### Supplied records
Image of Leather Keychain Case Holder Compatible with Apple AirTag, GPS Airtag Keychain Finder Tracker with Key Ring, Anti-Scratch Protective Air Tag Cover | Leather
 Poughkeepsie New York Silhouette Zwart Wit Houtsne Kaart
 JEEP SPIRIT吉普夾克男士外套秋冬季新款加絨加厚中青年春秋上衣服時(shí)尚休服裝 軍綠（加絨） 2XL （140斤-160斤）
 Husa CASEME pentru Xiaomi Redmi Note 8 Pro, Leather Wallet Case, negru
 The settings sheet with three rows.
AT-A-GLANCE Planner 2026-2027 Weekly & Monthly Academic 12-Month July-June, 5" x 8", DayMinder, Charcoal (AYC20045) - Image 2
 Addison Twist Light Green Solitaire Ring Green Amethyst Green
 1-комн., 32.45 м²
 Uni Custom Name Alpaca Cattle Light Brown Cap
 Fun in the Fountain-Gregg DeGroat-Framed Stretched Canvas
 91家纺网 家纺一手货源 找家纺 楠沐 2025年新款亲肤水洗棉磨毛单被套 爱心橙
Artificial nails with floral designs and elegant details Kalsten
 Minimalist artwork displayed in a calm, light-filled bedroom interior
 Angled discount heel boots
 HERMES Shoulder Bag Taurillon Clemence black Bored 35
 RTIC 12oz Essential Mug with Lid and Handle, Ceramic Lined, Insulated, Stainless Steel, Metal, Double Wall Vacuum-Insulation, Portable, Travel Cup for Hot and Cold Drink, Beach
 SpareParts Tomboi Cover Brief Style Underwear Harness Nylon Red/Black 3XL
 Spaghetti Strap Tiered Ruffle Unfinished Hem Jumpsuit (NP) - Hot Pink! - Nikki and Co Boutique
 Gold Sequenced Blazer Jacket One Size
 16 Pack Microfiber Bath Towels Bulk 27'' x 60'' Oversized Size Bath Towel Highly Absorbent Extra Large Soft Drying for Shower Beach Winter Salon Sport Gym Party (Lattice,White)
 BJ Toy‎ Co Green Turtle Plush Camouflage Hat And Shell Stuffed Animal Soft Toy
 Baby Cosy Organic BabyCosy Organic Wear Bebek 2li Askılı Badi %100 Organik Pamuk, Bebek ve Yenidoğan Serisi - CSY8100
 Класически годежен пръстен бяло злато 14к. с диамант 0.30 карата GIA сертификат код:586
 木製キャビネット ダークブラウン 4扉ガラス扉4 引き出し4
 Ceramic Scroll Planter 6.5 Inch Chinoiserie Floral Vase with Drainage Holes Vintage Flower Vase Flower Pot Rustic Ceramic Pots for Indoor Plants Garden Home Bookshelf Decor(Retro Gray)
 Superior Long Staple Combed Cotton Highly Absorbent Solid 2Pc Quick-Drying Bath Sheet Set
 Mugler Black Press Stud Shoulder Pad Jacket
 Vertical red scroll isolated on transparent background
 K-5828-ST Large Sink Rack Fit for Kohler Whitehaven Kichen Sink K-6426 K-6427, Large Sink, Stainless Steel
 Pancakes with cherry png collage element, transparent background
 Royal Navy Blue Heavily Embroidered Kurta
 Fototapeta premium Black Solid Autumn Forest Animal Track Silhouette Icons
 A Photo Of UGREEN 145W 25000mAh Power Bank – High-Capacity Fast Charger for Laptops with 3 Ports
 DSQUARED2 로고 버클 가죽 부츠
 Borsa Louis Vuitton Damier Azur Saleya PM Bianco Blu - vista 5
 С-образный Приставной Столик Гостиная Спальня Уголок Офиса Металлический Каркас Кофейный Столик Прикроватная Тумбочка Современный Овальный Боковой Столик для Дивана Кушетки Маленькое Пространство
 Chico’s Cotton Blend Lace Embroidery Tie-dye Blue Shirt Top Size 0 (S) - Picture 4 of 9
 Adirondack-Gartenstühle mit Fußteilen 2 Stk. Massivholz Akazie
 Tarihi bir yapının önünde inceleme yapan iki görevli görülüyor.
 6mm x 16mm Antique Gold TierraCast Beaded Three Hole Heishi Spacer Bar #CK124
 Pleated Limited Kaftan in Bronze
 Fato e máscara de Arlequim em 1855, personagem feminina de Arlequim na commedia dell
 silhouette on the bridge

### Description of the task
Could you state how many lines of the data include the word "Stainless"? Only the number is needed.

### Answer below
2